→ **Task item**
The entries below contain a stretch that opens with the line containing "8/23 Moseley Street, SA 5045" and closes with the line containing "CHANEL Classic Full"; set down that stretch exactly, both ends included, and nothing else.

Extracted data entries

----------

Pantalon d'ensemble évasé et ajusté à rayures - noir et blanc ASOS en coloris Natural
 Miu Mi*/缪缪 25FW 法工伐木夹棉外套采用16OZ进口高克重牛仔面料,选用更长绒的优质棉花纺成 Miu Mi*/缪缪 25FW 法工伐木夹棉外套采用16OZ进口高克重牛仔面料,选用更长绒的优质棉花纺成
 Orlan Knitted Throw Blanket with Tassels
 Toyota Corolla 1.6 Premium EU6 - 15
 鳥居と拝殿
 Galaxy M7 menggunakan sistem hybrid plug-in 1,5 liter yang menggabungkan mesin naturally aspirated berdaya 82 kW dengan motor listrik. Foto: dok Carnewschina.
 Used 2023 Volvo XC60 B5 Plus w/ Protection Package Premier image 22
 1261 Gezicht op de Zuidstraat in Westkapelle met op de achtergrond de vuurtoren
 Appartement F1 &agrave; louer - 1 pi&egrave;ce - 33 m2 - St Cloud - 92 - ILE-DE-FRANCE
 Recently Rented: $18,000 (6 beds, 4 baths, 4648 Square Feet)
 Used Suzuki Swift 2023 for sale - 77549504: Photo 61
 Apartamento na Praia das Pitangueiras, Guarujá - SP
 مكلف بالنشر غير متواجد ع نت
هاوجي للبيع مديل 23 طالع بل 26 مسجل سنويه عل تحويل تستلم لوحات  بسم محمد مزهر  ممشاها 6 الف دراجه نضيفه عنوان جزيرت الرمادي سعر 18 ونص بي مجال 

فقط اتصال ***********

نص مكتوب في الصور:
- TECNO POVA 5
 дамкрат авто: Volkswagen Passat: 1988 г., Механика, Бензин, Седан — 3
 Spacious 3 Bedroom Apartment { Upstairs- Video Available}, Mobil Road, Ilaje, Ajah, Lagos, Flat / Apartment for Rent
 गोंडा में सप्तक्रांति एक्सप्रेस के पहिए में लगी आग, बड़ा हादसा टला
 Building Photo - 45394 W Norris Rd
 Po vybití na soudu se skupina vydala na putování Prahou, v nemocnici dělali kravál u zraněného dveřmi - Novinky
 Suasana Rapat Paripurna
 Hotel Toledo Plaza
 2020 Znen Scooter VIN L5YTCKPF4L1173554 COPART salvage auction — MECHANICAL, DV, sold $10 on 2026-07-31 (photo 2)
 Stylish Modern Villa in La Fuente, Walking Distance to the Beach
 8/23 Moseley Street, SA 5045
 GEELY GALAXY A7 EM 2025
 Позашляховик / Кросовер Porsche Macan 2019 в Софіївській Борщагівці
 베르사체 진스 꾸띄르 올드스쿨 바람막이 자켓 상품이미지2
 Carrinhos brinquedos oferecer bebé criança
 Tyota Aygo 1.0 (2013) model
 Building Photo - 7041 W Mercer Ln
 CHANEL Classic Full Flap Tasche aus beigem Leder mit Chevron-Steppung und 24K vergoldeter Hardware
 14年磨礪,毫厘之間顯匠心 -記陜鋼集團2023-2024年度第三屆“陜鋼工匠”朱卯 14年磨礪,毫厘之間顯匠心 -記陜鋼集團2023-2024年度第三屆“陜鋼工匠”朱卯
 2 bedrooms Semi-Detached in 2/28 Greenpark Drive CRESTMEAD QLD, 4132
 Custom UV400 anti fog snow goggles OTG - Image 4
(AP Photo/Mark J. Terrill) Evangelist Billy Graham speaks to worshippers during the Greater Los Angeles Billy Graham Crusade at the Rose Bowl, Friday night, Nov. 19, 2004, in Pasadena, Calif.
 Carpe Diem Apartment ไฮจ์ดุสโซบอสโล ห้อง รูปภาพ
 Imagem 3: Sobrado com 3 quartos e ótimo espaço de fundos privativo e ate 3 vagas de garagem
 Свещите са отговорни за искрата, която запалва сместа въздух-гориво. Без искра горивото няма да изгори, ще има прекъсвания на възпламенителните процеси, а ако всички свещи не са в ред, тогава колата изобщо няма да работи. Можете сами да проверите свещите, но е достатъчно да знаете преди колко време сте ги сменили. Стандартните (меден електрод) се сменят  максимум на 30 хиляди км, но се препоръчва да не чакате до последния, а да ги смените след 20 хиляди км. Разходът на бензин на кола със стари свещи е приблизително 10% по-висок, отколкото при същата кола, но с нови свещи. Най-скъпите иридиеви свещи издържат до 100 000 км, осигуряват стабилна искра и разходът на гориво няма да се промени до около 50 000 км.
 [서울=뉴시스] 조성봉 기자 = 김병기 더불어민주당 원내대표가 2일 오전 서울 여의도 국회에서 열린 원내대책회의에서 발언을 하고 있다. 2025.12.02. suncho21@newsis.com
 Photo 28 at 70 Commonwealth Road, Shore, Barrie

----------

→ **Task output**
 8/23 Moseley Street, SA 5045
 GEELY GALAXY A7 EM 2025
 Позашляховик / Кросовер Porsche Macan 2019 в Софіївській Борщагівці
 베르사체 진스 꾸띄르 올드스쿨 바람막이 자켓 상품이미지2
 Carrinhos brinquedos oferecer bebé criança
 Tyota Aygo 1.0 (2013) model
 Building Photo - 7041 W Mercer Ln
 CHANEL Classic Full Flap Tasche aus beigem Leder mit Chevron-Steppung und 24K vergoldeter Hardware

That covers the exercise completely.